> What is needed
In the listing below, locate the line with "上海公司美国试管婴儿，跨国合作的生育选择" and the line with "Meine Yaya Rocks", then output both and everything between them exactly, minus any pictures.

> Data section

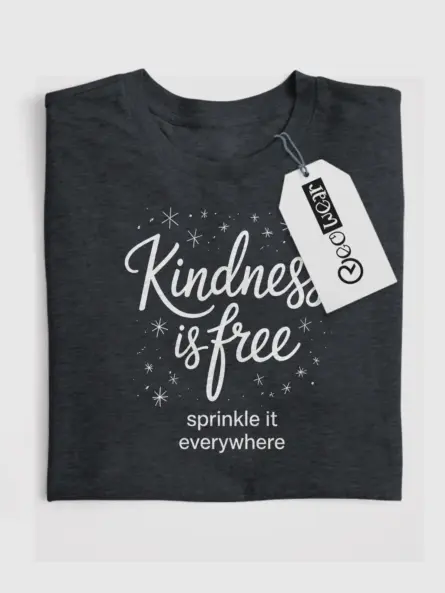 Kindness Is Free T-Shirt – Inspirational Quote Tee - Image 7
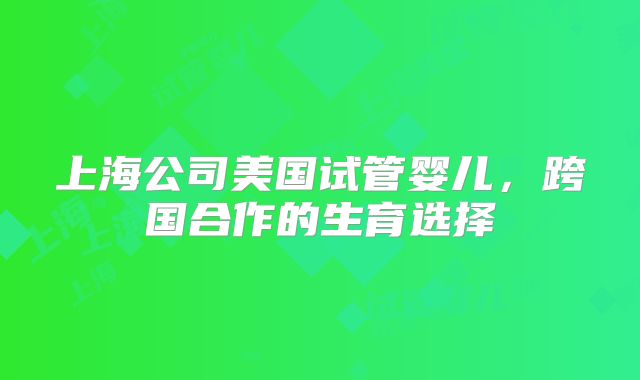 上海公司美国试管婴儿，跨国合作的生育选择
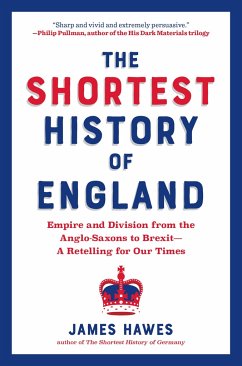 The Shortest History of England - Hawes, James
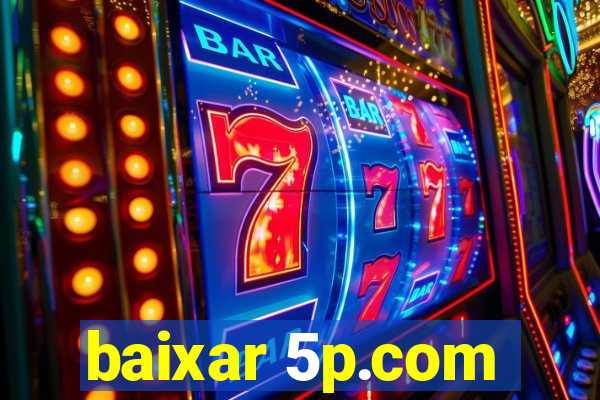 baixar 5p.com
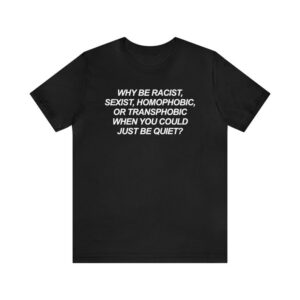 The latest design trend captured perfectly in Why Be Racist Sexist Homophobic Transphobic Shirt.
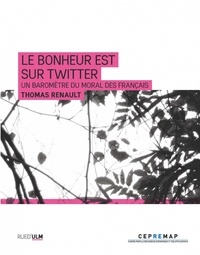 Thomas Renault - Le bonheur est sur Twitter - Un baromètre du moral des français.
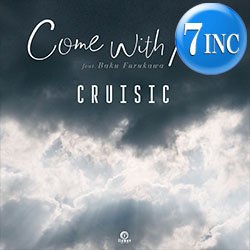 画像1: CRUISIC feat 古川麦 / COME WITH ME (7インチ) [■限定■大推薦！TANIA MARIAを和製カバー！RONNY JORDAN！]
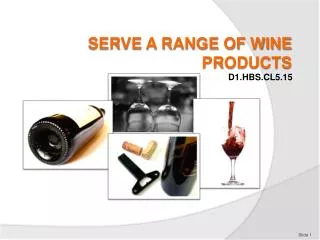 SERVE A RANGE OF WINE PRODUCTS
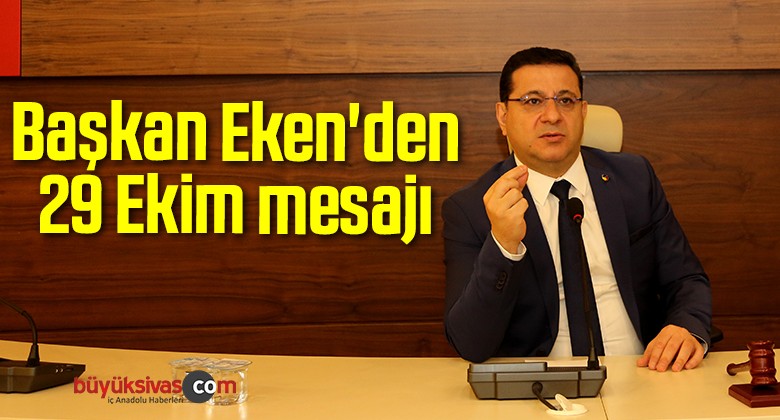 Başkan Eken’den 29 Ekim mesajı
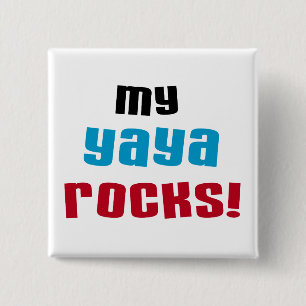 Meine Yaya Rocks T-Shirts und Geschenke Button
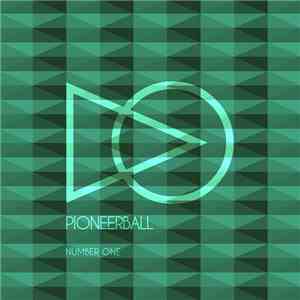 Pioneerball - Number One download mp3 flac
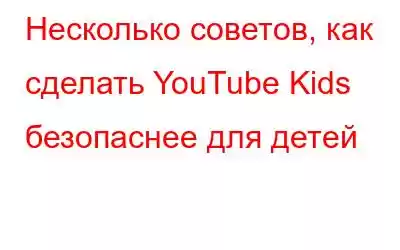 Несколько советов, как сделать YouTube Kids безопаснее для детей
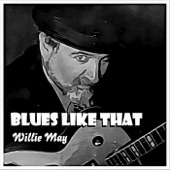 Willie May - Livin' Like a King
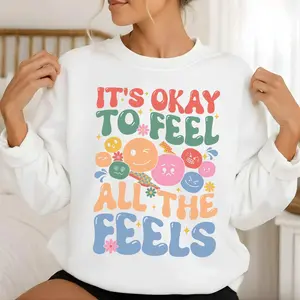 It’s Okay To Feel All The Feels  Short Sleeved T-SHIRT / Sweatshirt , Mental Health Therapy Hoodie, Teacher & Counselor Gift, Emotional Wellness Motivational Sweater.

> Output for this task
 上海公司美国试管婴儿，跨国合作的生育选择
 The Shortest History of England - Hawes, James
 baixar 5p.com
 The latest design trend captured perfectly in Why Be Racist Sexist Homophobic Transphobic Shirt.
 Thomas Renault - Le bonheur est sur Twitter - Un baromètre du moral des français.
 画像1: CRUISIC feat 古川麦 / COME WITH ME (7インチ) [■限定■大推薦！TANIA MARIAを和製カバー！RONNY JORDAN！]
 SERVE A RANGE OF WINE PRODUCTS
 Başkan Eken’den 29 Ekim mesajı
 Meine Yaya Rocks T-Shirts und Geschenke Button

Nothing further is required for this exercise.